In a recent interview with Hedge Fund Law Report in connection with the RCA event, Ronald Wood, the partner at Proskauer Rose, said that the Asset Management Unit plans to develop risk analytics to identify potential risk areas among the more than 1,500 private investment advisors who have registered with the SEC since July 2010 when President Obama signed into law theDodd-Frank Act, which eliminated the exemption for private fund advisors.
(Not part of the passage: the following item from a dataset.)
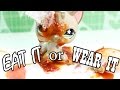 LPS - EAT IT or WEAR IT Challenge LPS - EAT IT or WEAR IT Challenge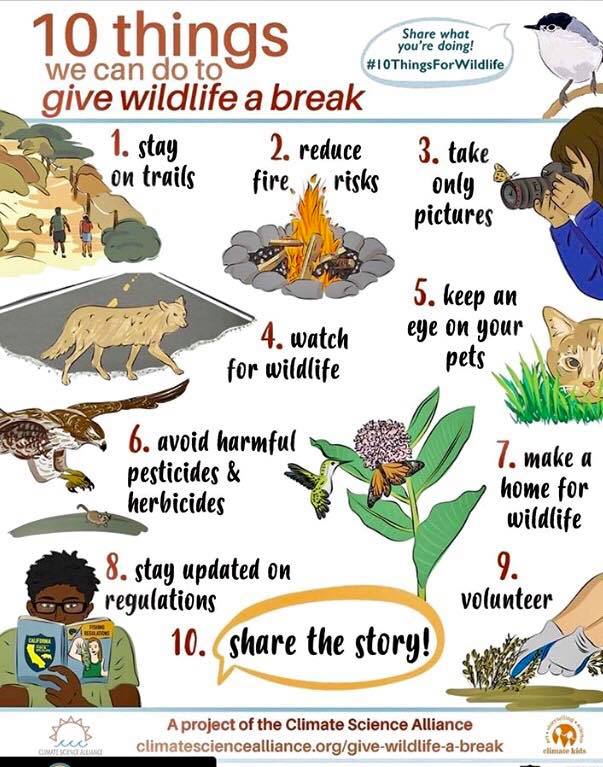 10 things we can do to give wildlife a break.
The panel shared advice on how to avoid the risk of insider trading charges. Insider trading has been a particular focal area for the SEC in recent years, and 16 percent of the insider trading cases the Commission pursued in fiscal year 2012 were against hedge funds and their advisors, including SAC Capital. Wood urged private fund managers to make sure they have a documented, legitimate source for any research they use to make asset decisions.
‘You want to discourage your people from talking to insiders or people with access to insiders’ he said, in order to avoid any possible taint of acting unlawfully on nonpublic information. Being aware that the SEC’s cases typically depend on confidential informants who may be wired when speaking to fund staff is another reason to keep clear of anything that could tarnish a fund’s reputation.
The panel also discussed hedge funds’ use of paid consultants and expert networks to supplement their investment research. Expert networks have been increasingly in enforcement agencies’ crosshairs since the SEC prosecuted Primary Global Research (PGR) in 2011 after four employees abused access to inside information at technology companies such as Apple and Dell by moonlighting as consultants and sharing non-public, confidential information with hedge fund managers in exchange for ‘consulting fees’ in the hundreds of thousands of dollars. As a result, expert networks have been forced to check their behavior and come back into conformity with proper conduct, Wood said.
In his interview with Hedge Fund Law Report, Wood urged hedge funds to conduct independent diligence and be clear about the specific information they are seeking to add to their knowledge.before participating in expert network calls. He suggests creating a diligence file that shows the fund is already studying a specific industry or company so that later the fund can show it had a legitimate reason to access the expert network.
The SEC’s probes into potential aberrations in fund returns come in the wake of the Madoff scheme and convictions. What constitutes aberrational performance will partly entail concluding whether something in a fund’s methodology or analysis is causing any performance inconsistent with other funds in the same sector, Wood said.
Panel members additionally shared thoughts about the SEC’s new policy that awards cash bounties to whistleblowers in cases that lead to enforcement actions. These incentives should encourage firms to strengthen their compliance programs, they said. Firms also need to be careful of how they treat whistle-blowers in light of new anti-retaliatory protections that the SEC has put in place to discourage companies from taking any disciplinary action against employees they believe may be whistleblowers, Wood said.
Compliance officers can compete with SEC incentives for whistleblowers only ‘if you have a culture that encourages compliance and if you are open and welcome it,’ Wood said. Where something a whistleblower reports involves a complicated issue, a compliance officer may want to reach out to an outside firm to investigate any suspicious activity.
‘That builds loyalty from the whistleblower and gets the company that has cooperated points from the SEC,’ he said.